In first though, FK deserves it.

OR...

Was Veera, the the actual culprit, because of whom FK had to increase the price? 

This is interesting.


----------



## chimera201 (Oct 1, 2015)

This is one of the reasons why India will never progress


----------



## kg11sgbg (Oct 1, 2015)

^Because we are mentally like this Veera Swamy(NOT IN  REAL ACTION/FUNCTION ,as  that takes a mentality of different blood curse and pedigree of origin,lower than animals).

Now think about the implications? Flipkart will never ever trust us the common buyer. They will think all of us are dishonest.
Their A.S.S. will be like a demon now,and all facilities will be withdrawn.


----------



## Hrishi (Oct 1, 2015)

You better hope this doesn't hamper their return policy for genuine buyers. 

There are people like this everywhere. It's not just India. I have read about cases like this in other countries too.


----------



## Flash (Oct 1, 2015)

Money will be returning to flipkart wallet right, and not to the actual bank account.?


----------



## Nerevarine (Oct 1, 2015)

nope, it returns to the actual bank account


----------



## kg11sgbg (Oct 1, 2015)

Flash said:


> Money will be returning to flipkart wallet right, and not to the actual bank account.?


Yep,highly likely...


----------



## whitestar_999 (Oct 2, 2015)

flipkart returns money to the bank account used to purchase the item(personal experience).


----------



## Anorion (Oct 2, 2015)

this is pure win.
got caught too soon and scammed too little


----------



## theterminator (Oct 2, 2015)

Flash said:


> Money will be returning to flipkart wallet right, and not to the actual bank account.?

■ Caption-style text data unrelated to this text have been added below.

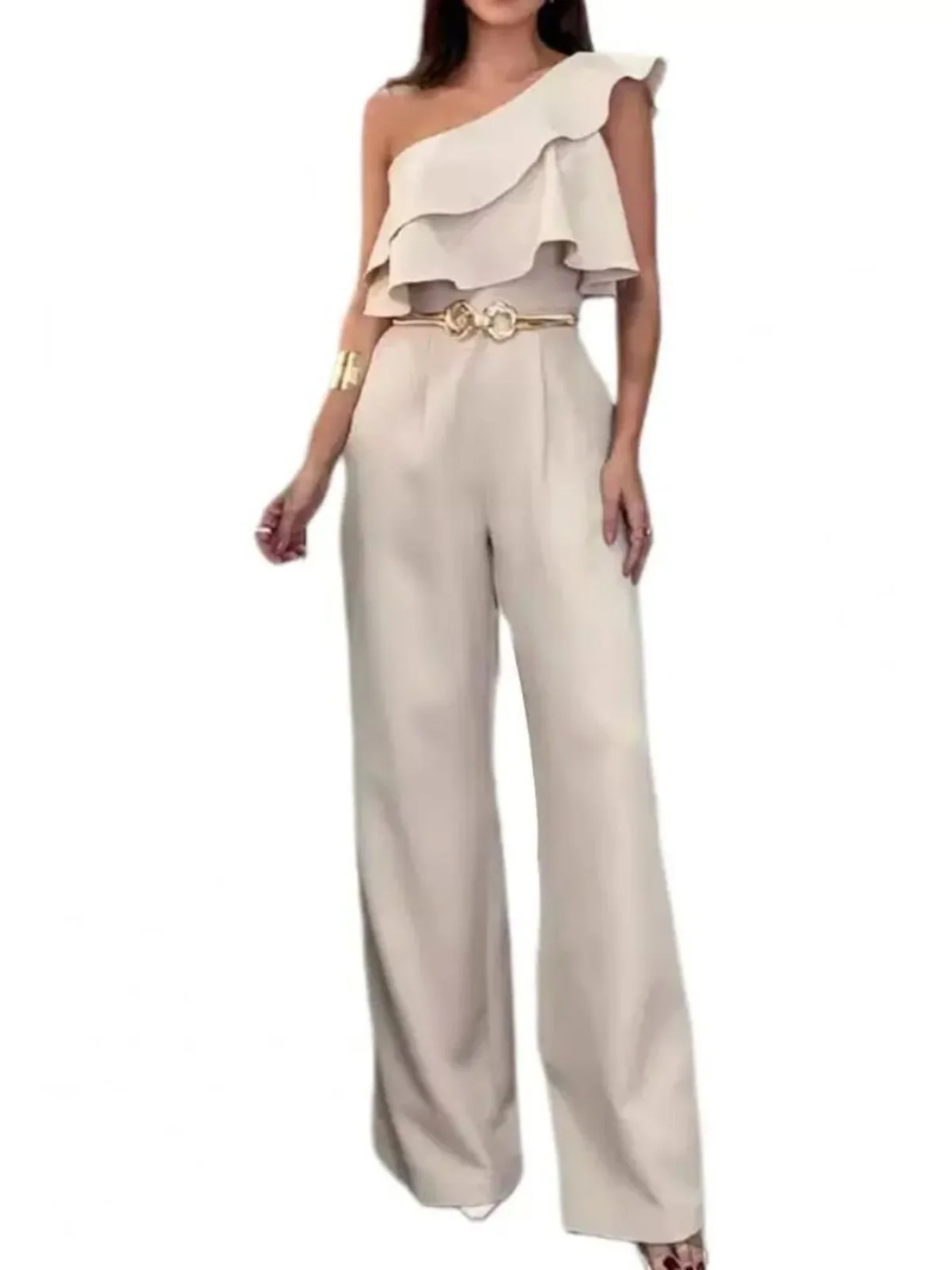 ارتفاع الخصر واحد oulder لوتس لو بذلة الشارع Sle عارضة السراويل عالية الخصر واسعة الساق دعوى ألياف البوليستر سستة...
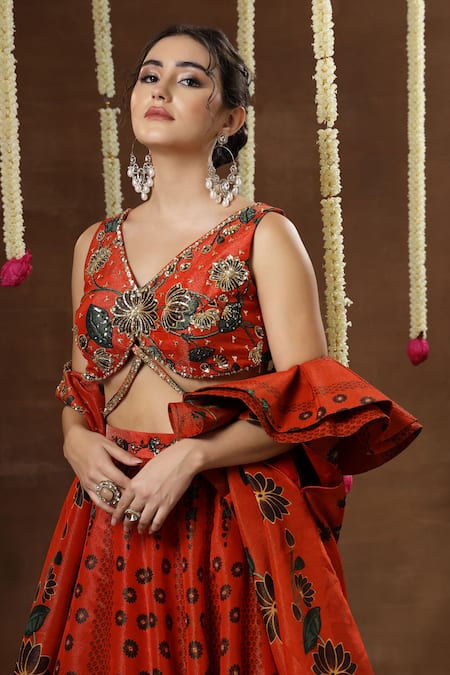 Buy_Miku Kumar_Orange Georgette, Tissue Embroidery V-neck, Raiya Floral Print Cape Lehenga Set _Online_at_Aza_Fashions
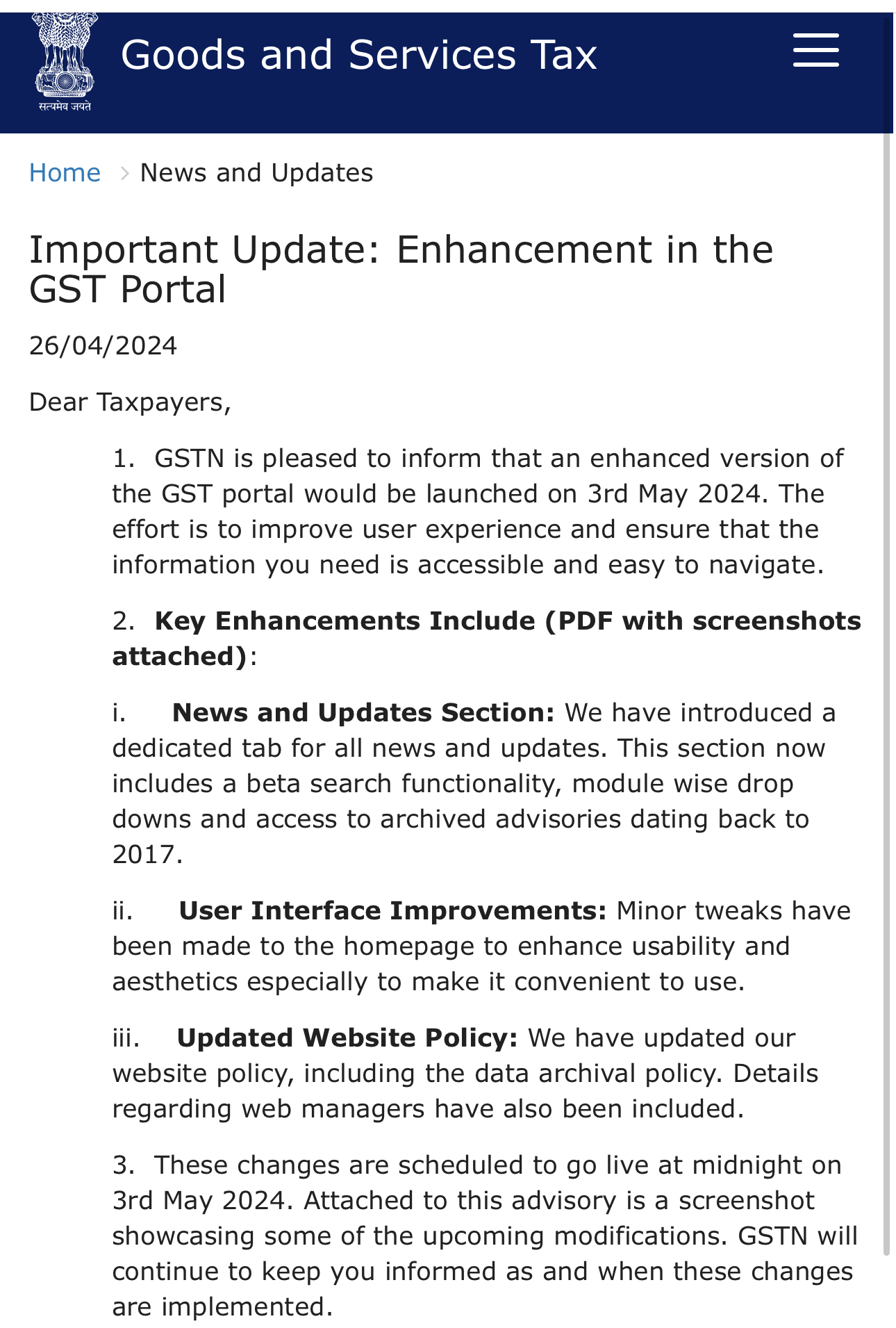 GST portal New version coming on 3 May 2024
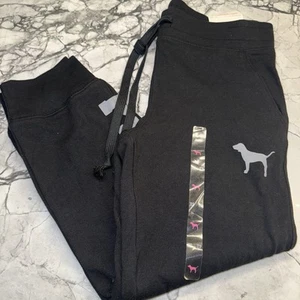 Victorias Secret PINK Women’s Small Collegiate Crop Jogger Pants NEW Black - Picture 1 of 4
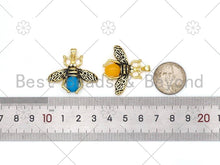 Load image into Gallery viewer, Colorful Glass Bee Shape Pendant, 18K Gold Filled CZ Beed Charm, Necklace Bracelet Charm Pendant,32x27mm, Sku#FH180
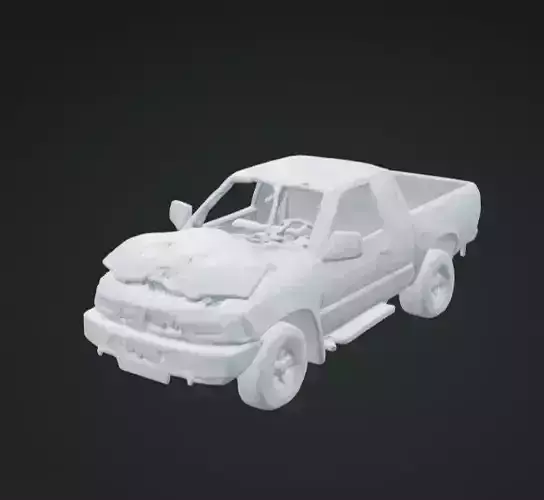 Wrecked Pickup Truck 3D Model Realistic Vehicle Scene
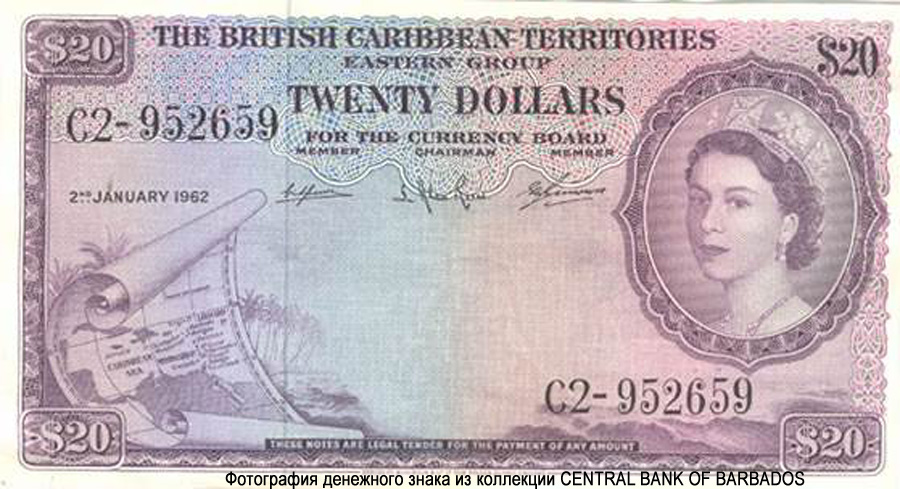 British Caribbean Currency Board $20 Dollars 1962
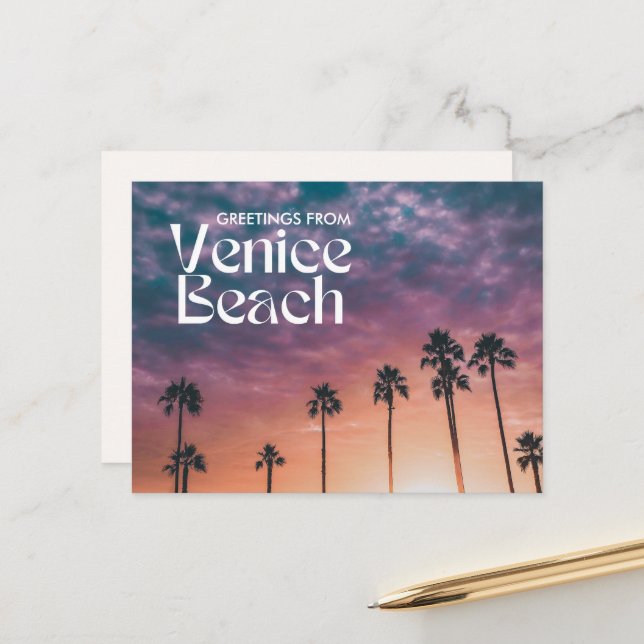 Carte Postale Salutations de Venice Beach Sunset Postcard (Devant/Arrière en situation)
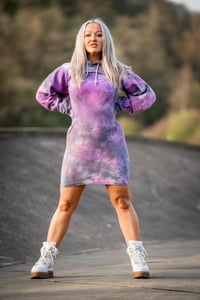 Image 1 of Long Sleeve Dress and Extreme Crop Hoodie Set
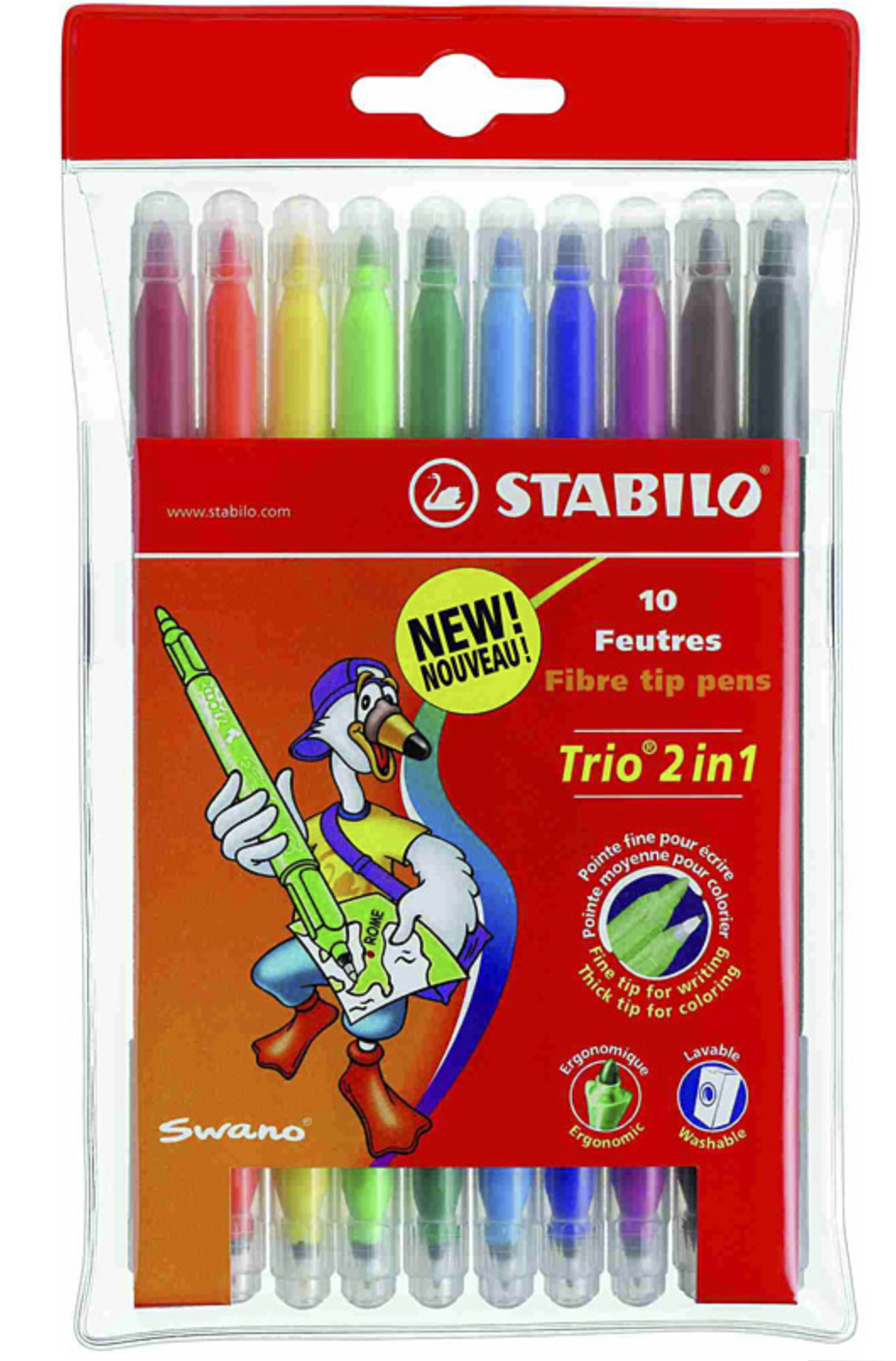STABİLO KEÇELİ KALEM TRİO ÇİFT UÇLU 10LU 222/10-01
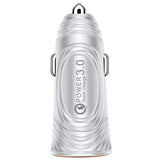 Silver car charger with 'Power 3.0' branding on a white background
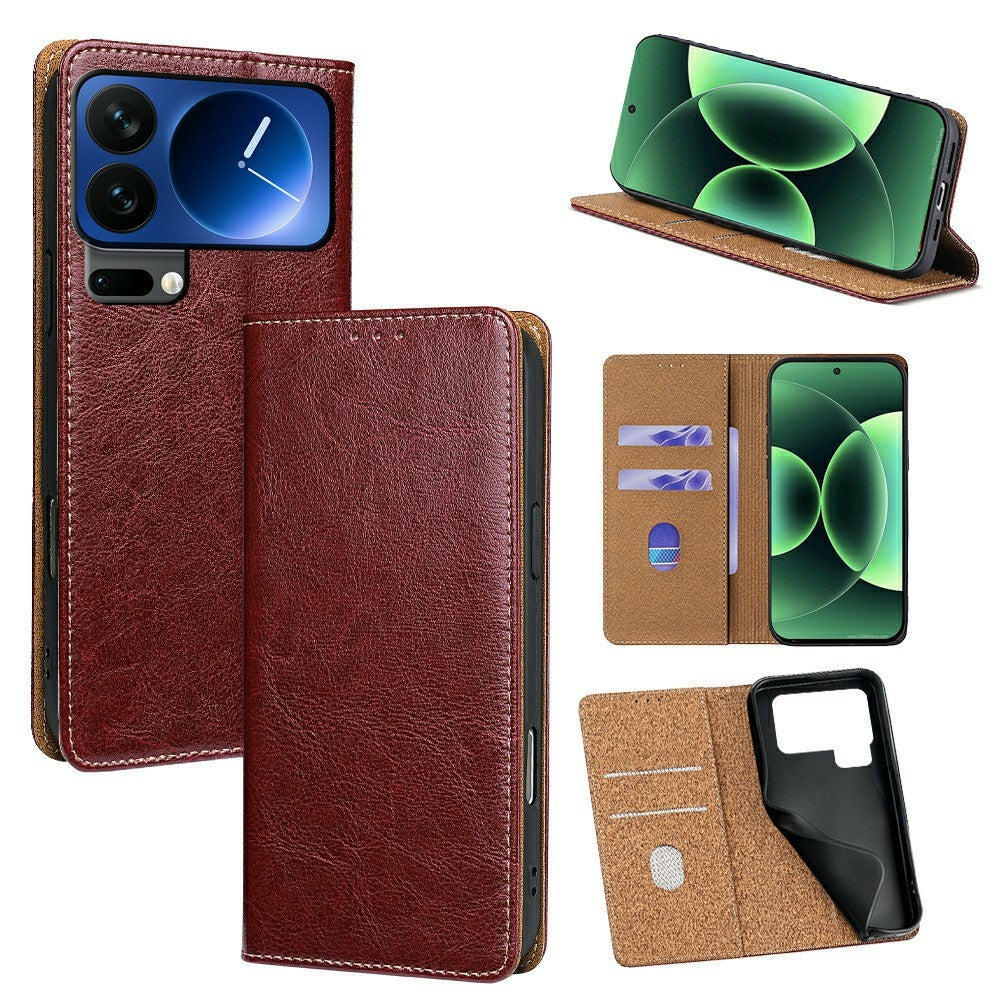 For Xiaomi 17 Pro Case Genuine Cow Leather Stand Mobile Phone Cover with RFID Blocking Wallet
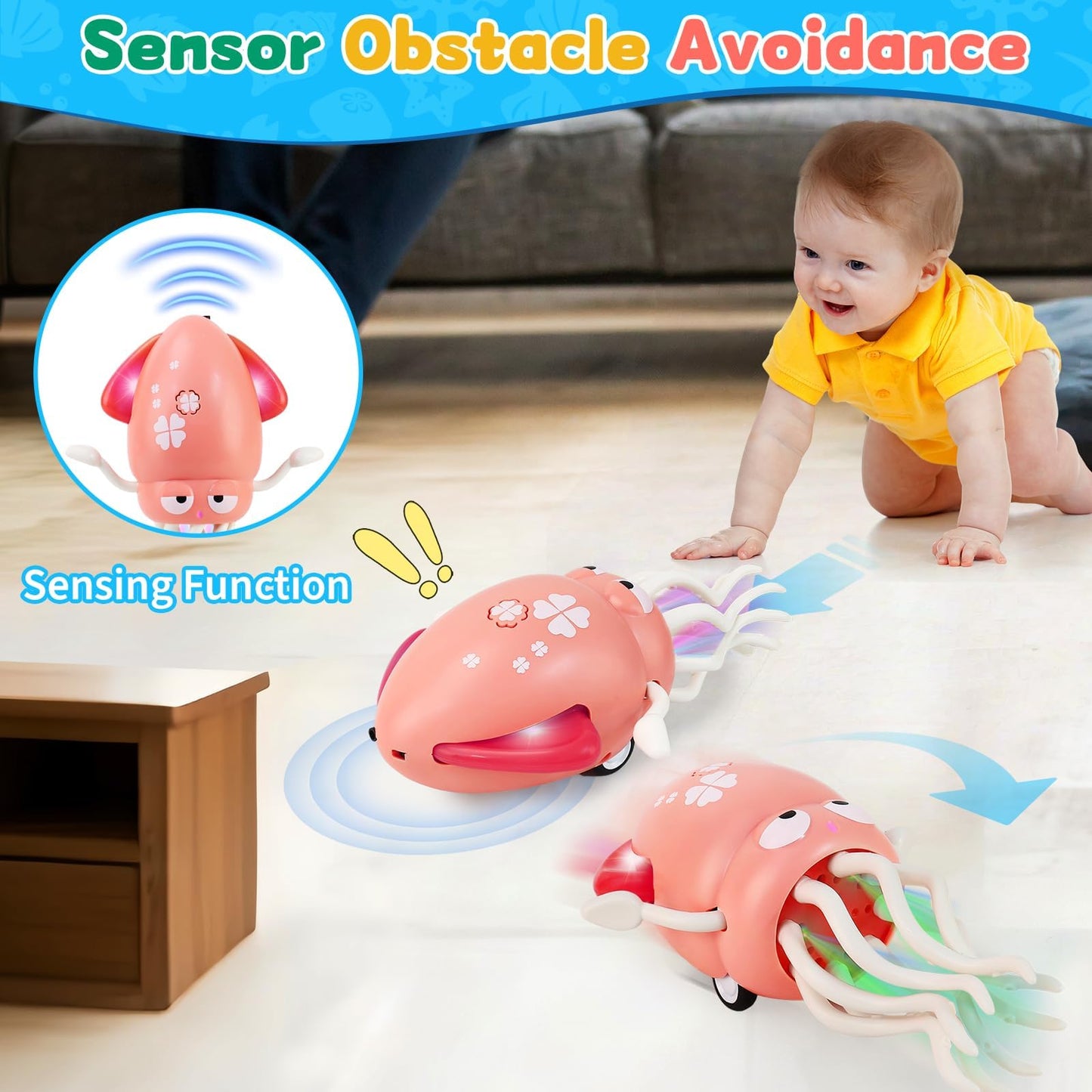 LZZAPJ Electric Dancing Octopus Toy – Lights, Music & USB Rechargeable, 12–18 Months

It depends on the action you select. Bank ac is one of them.


----------



## bssunilreddy (Oct 2, 2015)

Vyom said:


> In first though, FK deserves it.
> OR...
> Was Veera, the the actual culprit, because of whom FK had to increase the price?
> This is interesting.


FK prices are like newegg.com while newegg.com ships it from abroad.FK ships those items locally. FK deserves it.
There may be more people like veera swamy who duped FK and FK is transferring the loss on to its customers right now.


----------



## kkn13 (Oct 2, 2015)

this is exactly why our return policies are soo poor in India and even pricing


----------



## bikramjitkar (Oct 3, 2015)

Stuff like this happens in all countries. It's Flipkart's fault they got conned so easily repeatedly. FK's customer service is pathetic these days anyway, now they just have an extra excuse to blame customers.


----------